Dear list,

Sorry it’s a long message and my english may not be the best :(

I have a cluster with two hosts and DRBD replication, I don’t want to use HA I 
only want to achieve more resiliency in case a host fail and avoid downtime for 
the VMs when there is a kernel update and I need to reboot one of the PVE so 2 
hosts should not be a problem.

I don’t have powerful machines nor hardware raid, I have 2x2To disks witch I 
use with a soft raid 1 partition for the system and the second partition is 
dedicated to drbd ressources.

I’m on the very last version of Proxmox4 with community subscription and my 
servers are up to date, I have a link between the servers witch truly provide 
1Gb of bandwidth (tested with iperf) and a latency of less than 2ms.

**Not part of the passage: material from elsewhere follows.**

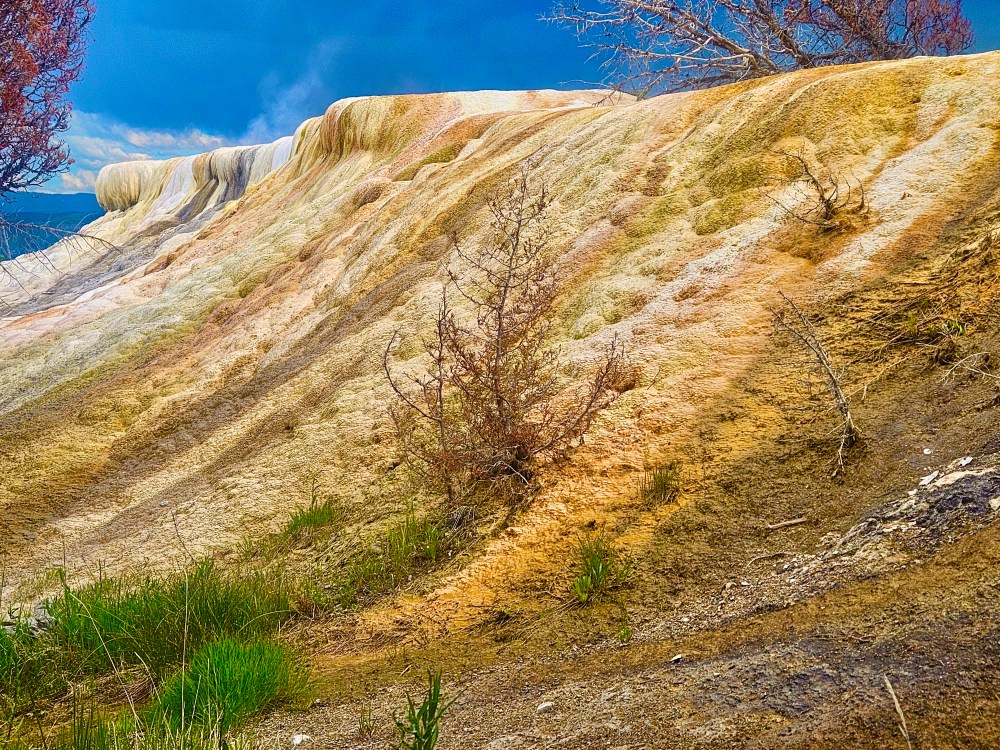 Colorful mineral rocks with sparse vegetation and cloudy sky background.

I use the version 9 of DRBD since it’s the one installed with PVE4 by default 
but I’m a little bit worried since Proxmox drbd9 documentation says this is a 
technology preview and even Linbit say DRBD 9.0.x is not production ready… so I 
use it the old fashion way for configuration, like the following link advises, 
2 ressources to avoid complicated split brain recovery : 
https://pve.proxmox.com/wiki/DRBD <https://pve.proxmox.com/wiki/DRBD>

I hope that by doing this way I avoid the « not production » thing, since I 
believe that it is the drbdmanage tool that is not production ready and not 
DRBD itself but maybe I’m wrong…? 
Is there people that are using drbd9 for production ? successfully ? please 
share your experience.

My problem, it is almost reproductible everytime (9 times /10) : when I try to 
clone a VM from one ressource to the other or when I try to move the disk of a 
VM from a ressource to the other, it finish by a server crash even without 
running a single VM on the cluster !

I understand it’s a resource intensive operation but it should be slow at worst 
but my servers should not crash...

What happens :  I launch the operation, it usually happen with « bigs » disks 
(100Go for exemple, with 5Go it usually complete), at the beginning it seems to 
work, I monitor the operation with several open ssh consoles with iotop, iftop, 
iostat, top… on both the servers.

After a wile, sometimes 10%, sometimes 20% of the operation, the progression 
window stop moving, the target server become red in the web interface, I can 
see that the server where I launched the operation (source server) stop making 
read io, there is almost no more bandwidth used in DRBD network link and the 
server that was « receiving » the datas (the target server) start to become 
unresponsive, there is no more io on both servers, and one of the servers, 
usually the target server start to have a big big load, at first its only 
3,4,5… but the more I wait, the more the load grows (at the end it can be up to 
30 or 35 !!!)

There is a process witch is eating cpu it is drdb even if it’s no more doing 
anything (and I don’t know how to stop it, the kill and kill -9 don’t work, 
"service drdb stop" either… 
there is plenty of free memory, there is almost no more IO and the CPU is used 
but not so much as you can see : 
https://cloud.ipgenius.fr/index.php/s/UWGbnePdxkiee5A 
<https://cloud.ipgenius.fr/index.php/s/UWGbnePdxkiee5A>

At the end, I can see theses errors in my ssh consoles :

Message from syslogd@virt1 at Apr  1 11:24:09 ...
 kernel:[79286.931625] NMI watchdog: BUG: soft lockup - CPU#0 stuck for 22s! 
[kvm:9177]

Message from syslogd@virt1 at Apr  1 11:24:37 ...
 kernel:[79314.904263] NMI watchdog: BUG: soft lockup - CPU#0 stuck for 22s! 
[kvm:9177]

and i can’t do nothing more, can’t even connect to ssh or launch any command in 
the consoles opened, the only way for getting my server back is to do a hard 
reboot :(

After that, the ressources quickly resync, and I end up with a LVM disk created 
but of course unusable… so I delete it...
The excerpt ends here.